Frank Bramble Sr., who chairs the board’s enterprise risk committee, sought more information after Steinhoff’s stock plunged, people familiar with the matter said. A Davis Polk team led by partner Charles Duggan updated directors while questioning dozens of people, including executives in operations involved in the margin loan.

Managers assumed someone would catch the blame, setting off a race to protect themselves, the people said. Senior risk officers wrote a memo that some people interpreted to blame bankers, the people said. The banking team argued the loss was a failure from multiple units, with some placing much of the responsibility on equities operatives because it’s their business to finance and manage margin loans. Some equities executives, in turn, said the risk department should have raised alarms if the lending was problematic.

The risk managers suggested bankers should explain proposed transactions rather than advocate for their approval, the people said. They cited an email a banker wrote when the loan to Wiese was proposed. The banker said the firm could quickly readjust the loan if an emergency began to arise, thanks to strong contact with Wiese and his relationships with Alex Wilmot-Sitwell and Richard Gush, senior bankers then overseeing Europe and South Africa, respectively, according to an excerpt reviewed by Bloomberg.

Bank of America told staff last week that Wilmot-Sitwell, who helped run the bank’s Brexit planning, decided to leave to pursue other opportunities. Reached by Bloomberg, he said he wasn’t aware of the banker’s email and disputed the depth it implied of his relationship with Wiese. He said he didn’t have responsibility for covering Wiese’s or Steinhoff’s banking needs.

‘Wake-Up Call’

Risk officials were asked why they let the loan proceed if they had concerns about it, the people said. The officials have authority to stop transactions but, like their counterparts in equities and banking, let it proceed.

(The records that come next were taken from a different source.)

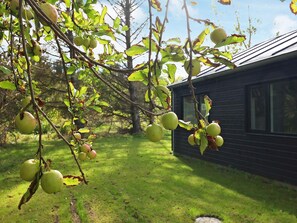 A tree with green apples hanging from its branches, a grassy yard, and a wooden cabin with a sloped roof.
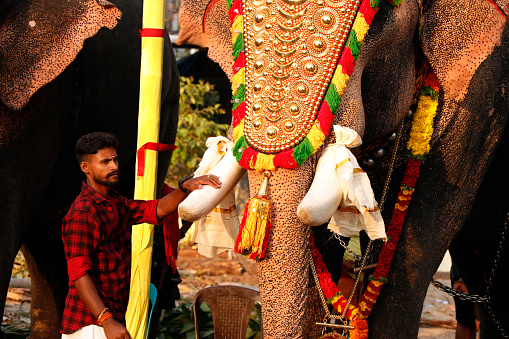 Kochi, Kerala, India -March 27, 2023 man posing at indian thrissur pooram hindu festival celebrating with decorated elephant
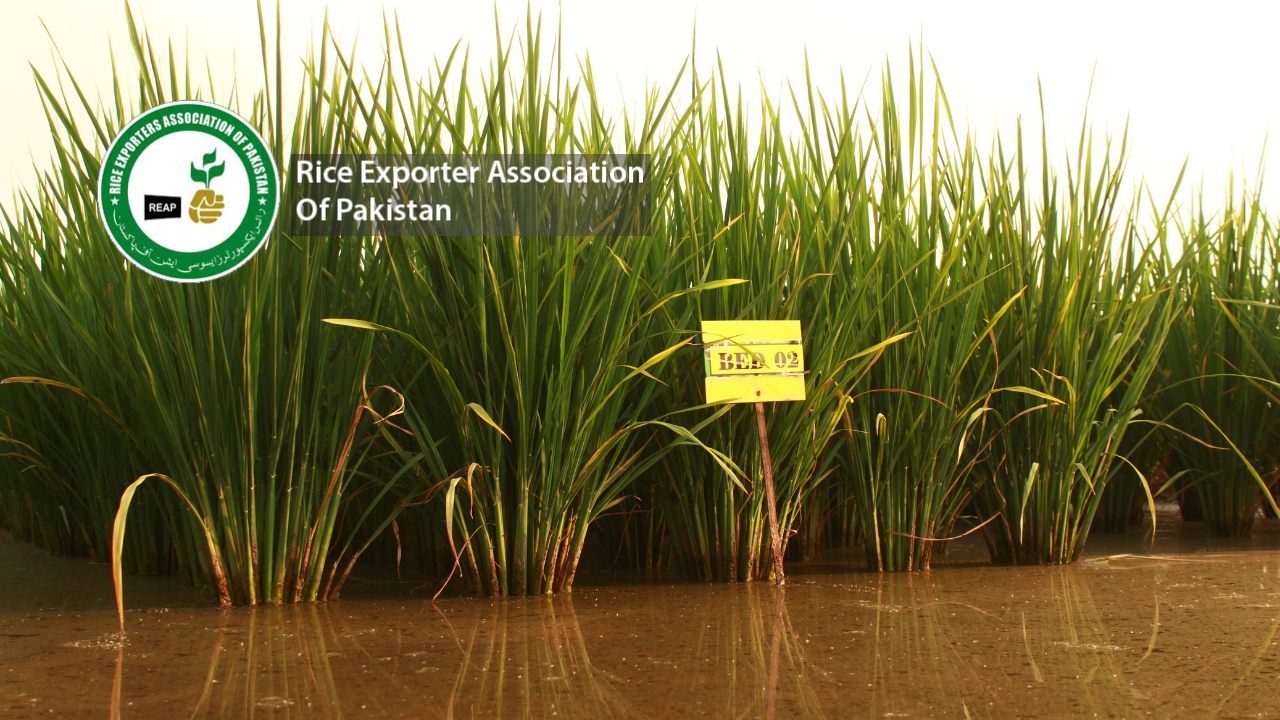 Pakistani rice exports: A booming sector that needs government support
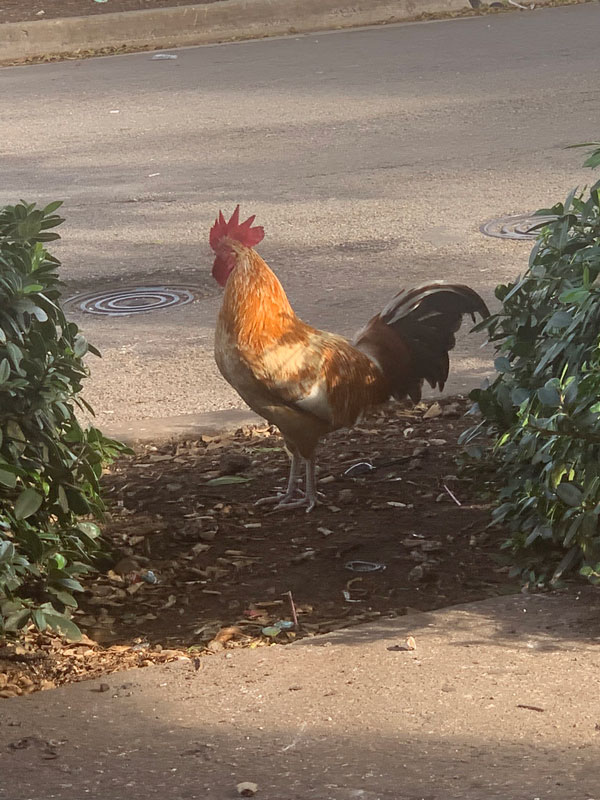 Great American Immigrant Neighborhoods: Little Havana, Miami/La Peque&ntilde;a Habana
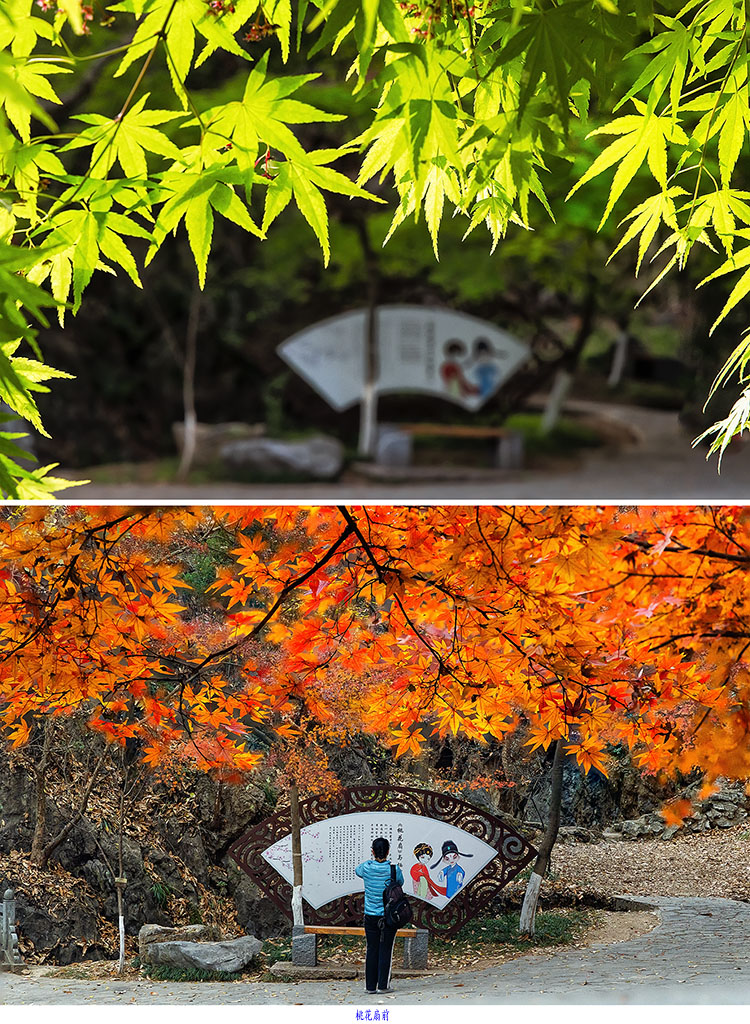 春秋对比系列-12《桃花扇前》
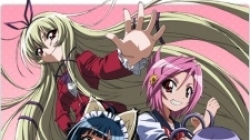 Penguin Musume Heart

Atop the bank, some directors gradually seemed to be appeased with what they were hearing. The board’s risk committee invited equities head Fabrizio Gallo and corporate and investment banking chief Christian Meissner to at least two closed-door meetings to explain the loan, the people said. Some directors expressed dissatisfaction with their presentations in late January, but later warmed up when the duo returned to separately speak about broader topics in March, the people said. Fixed-income co-heads Bernard Mensah and James DeMare also answered questions about their unit’s financing operations.

CEO Moynihan acknowledged on a January conference call, without naming the client, that the incident in the fourth quarter was a “wake-up call.” He vowed the bank would figure out how to steer clear of similar events.

“What are the lessons learned, and what did we do right or wrong in that, and how do we avoid that in the future?” he said on the call. “The team has spent significant time doing that. We weren’t happy with it from the top of the house through to the actual people who were involved in it.”